Ubuntu tends to be recommended for novices coming from Windows or Mac who are
also unsure of the command line. My brother installed it after he purchased a
cheap laptop. He came from Mac OS X and fell in love. After learning more, he
installed Mint and really enjoys it. He is programming now! Obviously Ubuntu
is for advanced users also. It just so happens that it is accessible to
beginners as well which is great!

When switching distros, say from Debian to Arch, you should embrace the idea
that fundamentals are completely different. Package management, for instance,
must be re-learned. And the way daemons and modules are initialized and
configured is different and plenty of other things! You are going to lose
context and that can be the most frustrating part of switching. If you can
overcome that and succeed at the new tools, you will have gained more skills.

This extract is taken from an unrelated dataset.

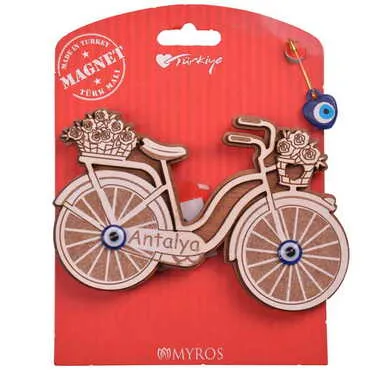 Antalya Themed Wooden Backing Card Souvenir Fridge Magnet - 5
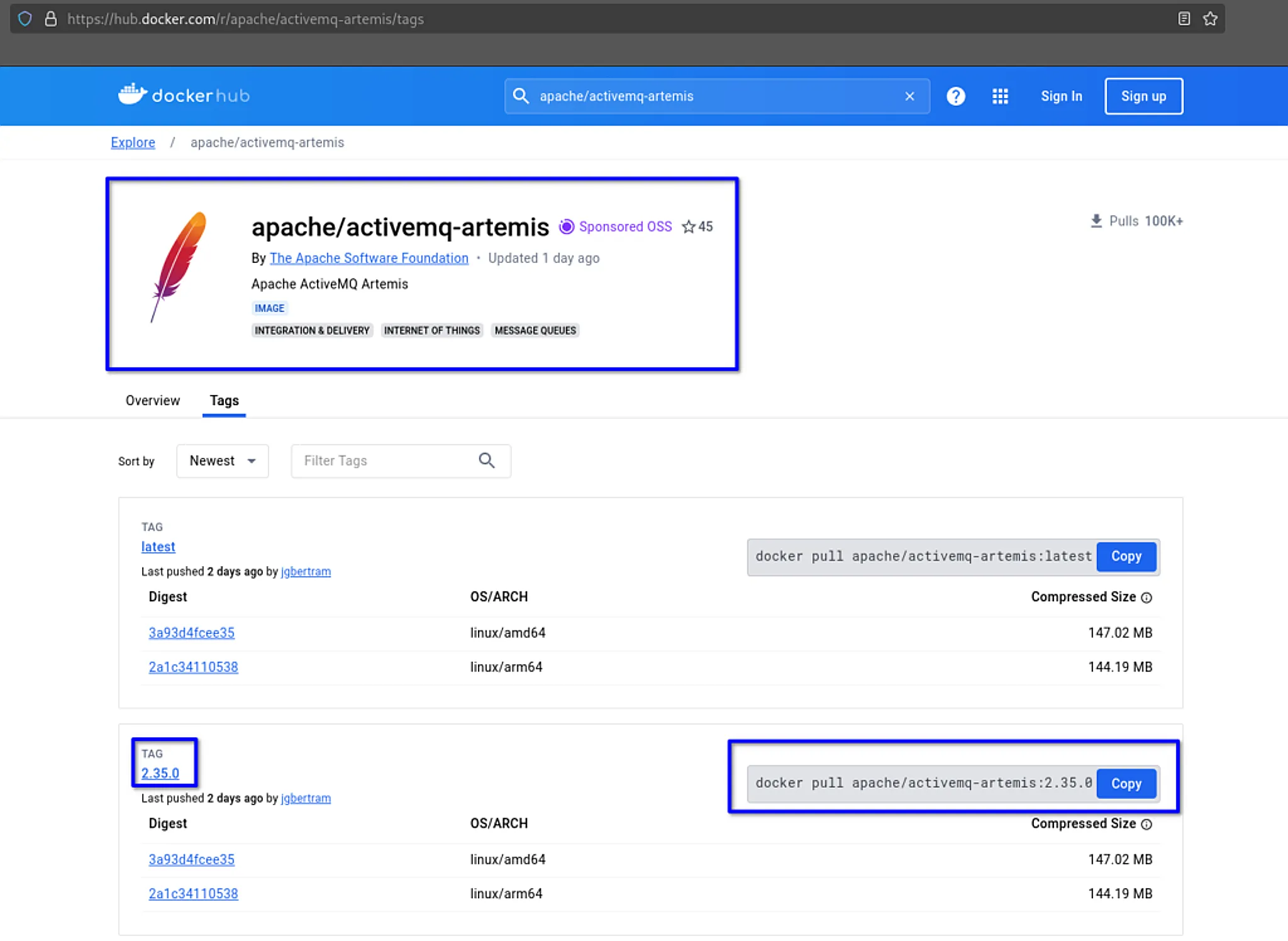 ActiveMQ Artemis en DockerHub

The great thing about Linux is that it is free software. I love to experiment
with Virtualbox and lots of distros for fun. I would encourage you to try a
few, a couple non debian based, and see if you enjoy them more.

------
dot_tilde_dot
tldr: rtfm!

(maybe read about the core principles of unix first. the links suggested by
other commentators look good.)

learn how the documentation provided with your linux install is organized:
man, info, apropos, whatis. the more comfortable you get with the built-in
documentation, the more you'll find that most of your questions will be
answered there. it takes a while to get used to it though. understanding the
structure of the docs helps a lot with where to start reading. (did you know
that the man page browser has a built-in string search?)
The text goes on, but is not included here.